Hi,
I got a strange issue today.
Early this morning (PYST 0900), when all agents in all the active campaigns logged in, received the message "Your session has been paused".
When the agents unpaused themselves, the message popped again.
Now, i have experienced this behavior before and it was caused by some tables (one of the _live ones) been crashed; nothing that can not be
repaired with myisamchk. But this time there was no crashed tables.
The checks i done were:
- Network: ping, traceroute.
- Database: mysqlanalyze, SHOW TABLE STATUS FROM asterisk, journalctl -m
- Web: journalctl, tailf /var/log/apache2/{access, error}.log
- Telephony: tailf /var/log/astguiclient/screenlog.0
- Web load balancer: stats
- General OS: df -h, free -m, top, journalctl -m, check ASTGUIClient scripts messages with mail.
The actions i took:
- asterisk -x 'core restart now'
- systemctl mysql stop && systemctl mysql restart
- systemctl apache2 restart
- systemctl haproxy restart
- echo 3 > /proc/sys/vm/drop_caches
Additionaly, i have the cluster monitored with a virtual node running Zabbix 3, checking astguiclient conferences, channels, trunk status,
networking, load, storage and the like. There was no registered network outage.

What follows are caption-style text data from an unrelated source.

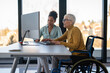 © NDABCREATIVITY - The image includes a person using a wheelchair, depicting inclusivity and teamwork in modern office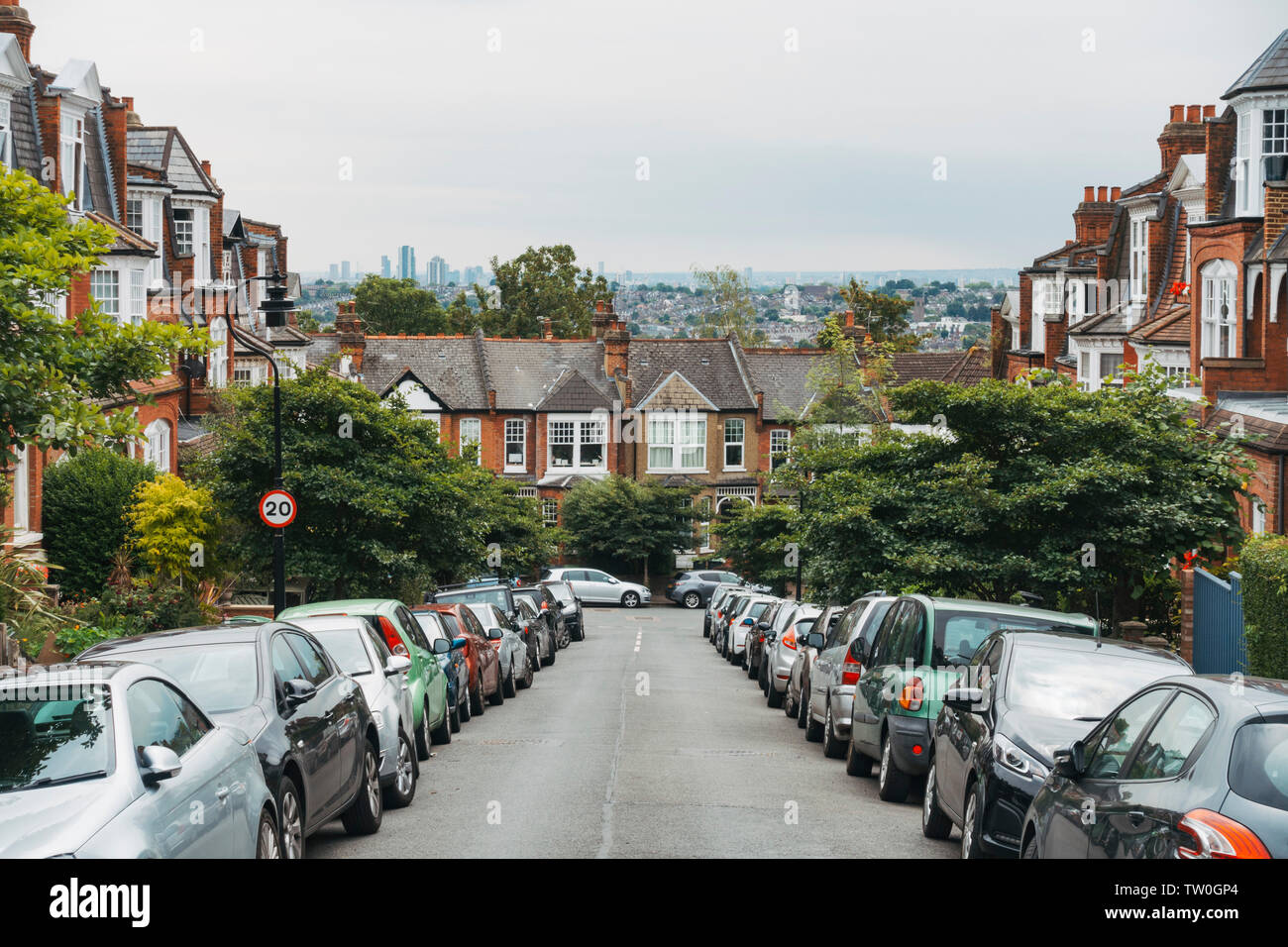 Looking down the peaceful terrace-housed streets of Muswell Hill, North London, on a muggy summer's morning. London skyline is visible behind Stock Photo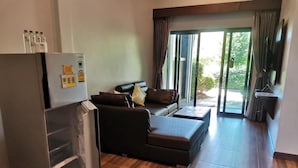 Een moderne woonkamer met een grote koelkast, een bank en een schuifdeur naar een buitenruimte.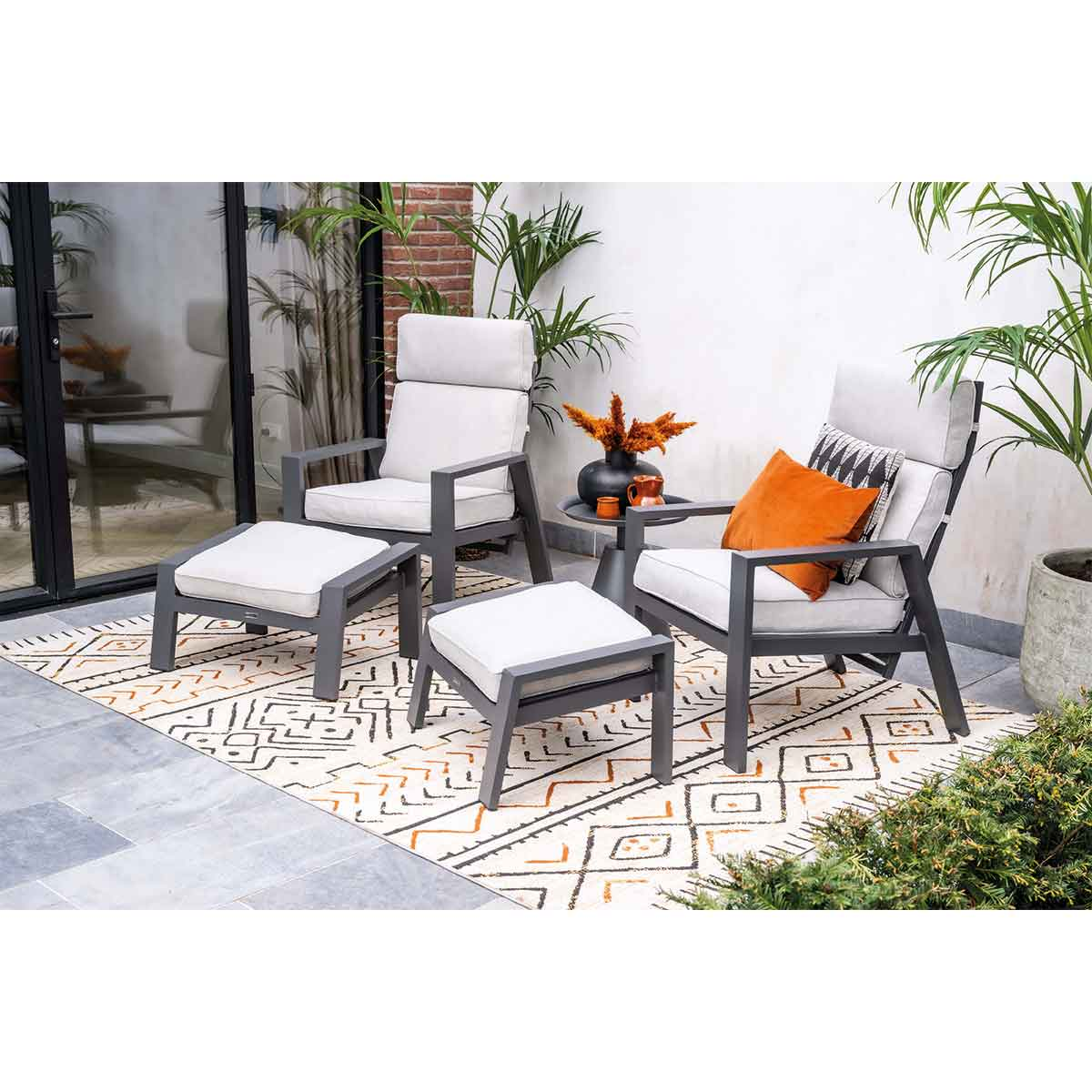 Buiten terras set met stoelen, poefs, tafel en decoratie.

In order to sort out the Web Load Balancer, i tried to log in directly to the web nodes, ending with the same result.
Now, i have resolved the situation restarting all nodes in the cluster in this order: Database, Web, Telephony.
I have created a tarball from all servers' /var/log/astguiclient to check for anything i have omitted.
Does anyone know something about this or have any pointer for where to look?
The cluster have been running about 9 months now without issues.
This is a clean ViciBox install. The Web Load Balancer was added later, after exaustive tests.
The SBC cited below manages all the SIP trunks against our various ITSP.
The cluster manages 150 agents, with inbound and manual campaigns, being inbound the most.
All the Contact Centers are connected to the cluster via a redundant 1 Gbps fiber MPLS link each. The Contact Centers are separated from the
data center.
Salutations
=======================
Vicidial Cluster
Installed using ViciBox_v.7.x86_64-7.0.2 except where noted.
Vicidial version: 2.12-561a | Build: 160708-0745 | Revision: 2561
All nodes (except the virtual ones) have network interfaces with bonding active-slave attached to 2 switches.
1 Database Node: Dell PowerEdge R720|CPU: Intel Xeon E5-2650 @ 2.0 GHz | RAM: 32 GB | Storage: 1 TB SAS RAID 5 | OS: ViciBox_v.7.x86_64-7.0.2
5 Telephony Nodes: Xorcom XE 3000 | CPU: Intel Core i3 i3-2120 @ 3.3 GHz | RAM: 4 GB | Storage: 500 GB SATA Linux SW RAID 1 | OS:
ViciBox_v.7.x86_64-7.0.2
2 Web Nodes:1 Web Load Balancer: Virtual Machine (KVM) | CPU: Intel Core i7 9xx @ 2.4 GHz | RAM: 8GB | Storage: 20 GB | OS: ViciBox_v.7.x86_64
-7.0.2
1 Web Load Balancer: Virtual Machine (KVM) | CPU: Intel Core i7 9xx @ 2.4 GHz | RAM: 1GB | Storage: 20 GB | OS: CentOS 7 running HAProxy
1 Archive Server: HP ProLiant ML150 G6 | CPU: Intel Xeon X3430 @ 2.4 GHz | RAM: 4GB | Storage: 2 TB SATA | OS: ViciBox_v.7.x86_64-7.0.2
2 Hypervisor: HP ProLiant ML150 G6 | CPU: Intel Xeon X3430 @ 2.4 GHz | RAM: 16GB | Storage: 500 GB SATA | OS: CentOS 7
1 SBC: Dell Optiplex | CPU: Intel Xeon X3430 @ 2.4 GHz | RAM: 16GB | Storage: 500 GB SATA | OS: Elastix 2.4 x86_64
=======================